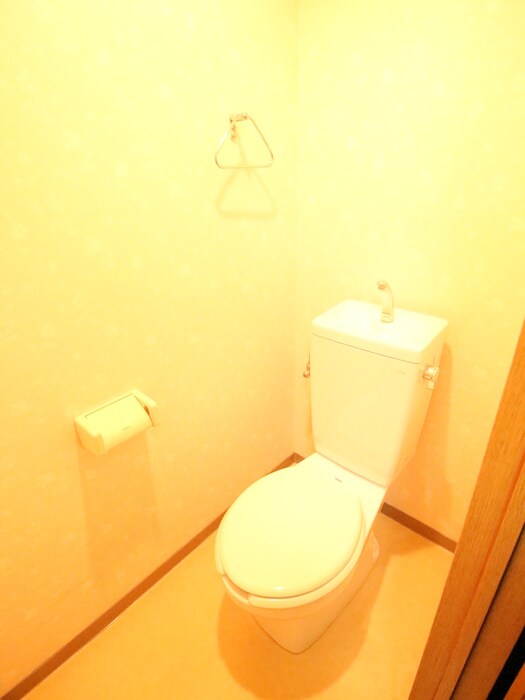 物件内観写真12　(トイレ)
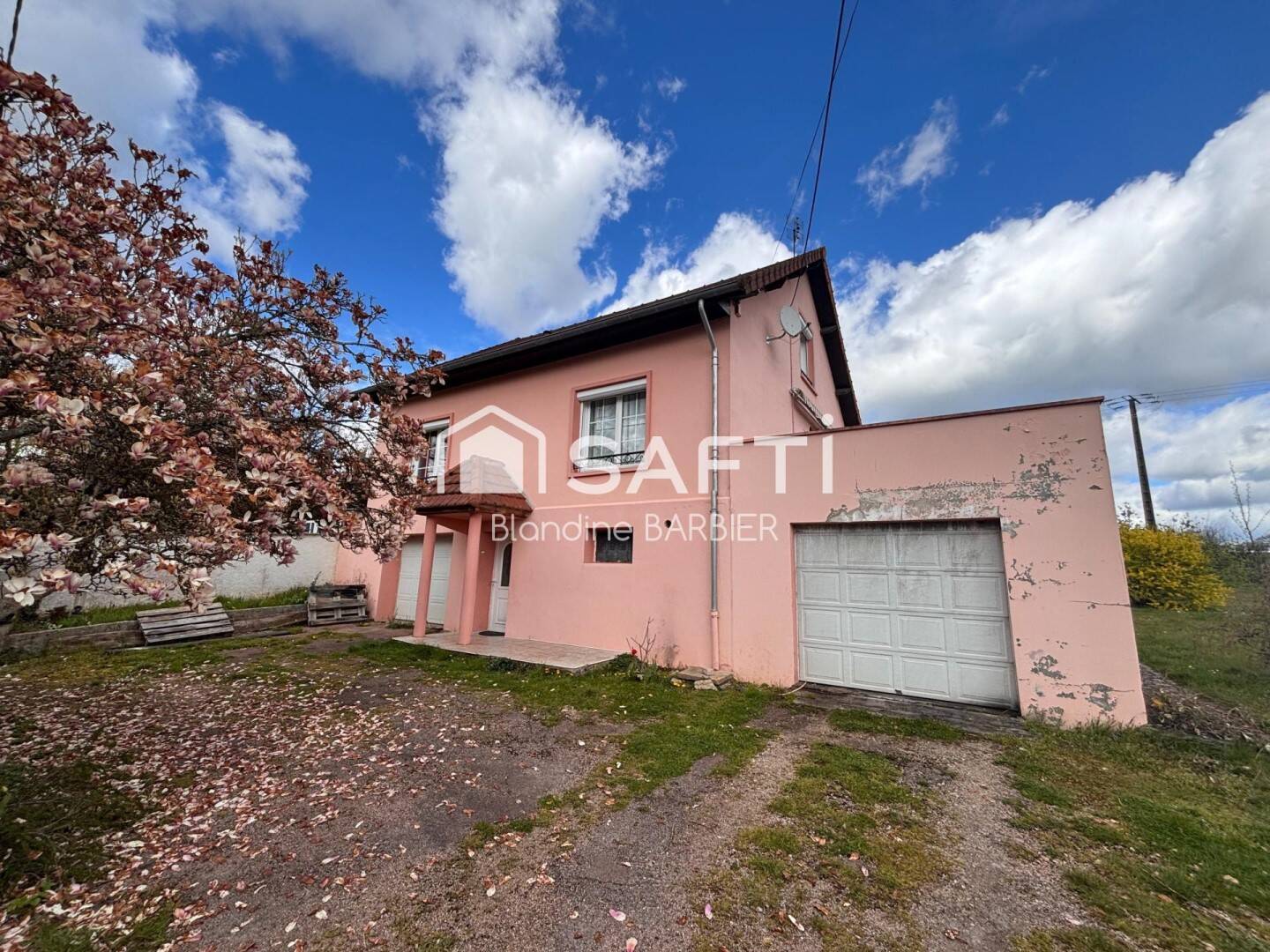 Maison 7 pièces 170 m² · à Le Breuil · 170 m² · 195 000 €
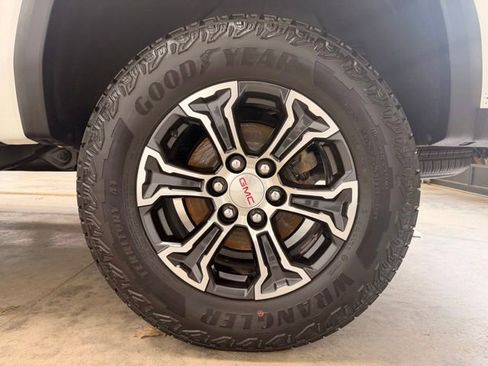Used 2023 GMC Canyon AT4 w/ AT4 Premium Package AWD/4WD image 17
=-=-=-=-=
● **About this task**
With the images omitted, repeat all the data word for word.

● **Finished exercise**
 物件内観写真12　(トイレ)
 Maison 7 pièces 170 m² · à Le Breuil · 170 m² · 195 000 €
Used 2023 GMC Canyon AT4 w/ AT4 Premium Package AWD/4WD image 17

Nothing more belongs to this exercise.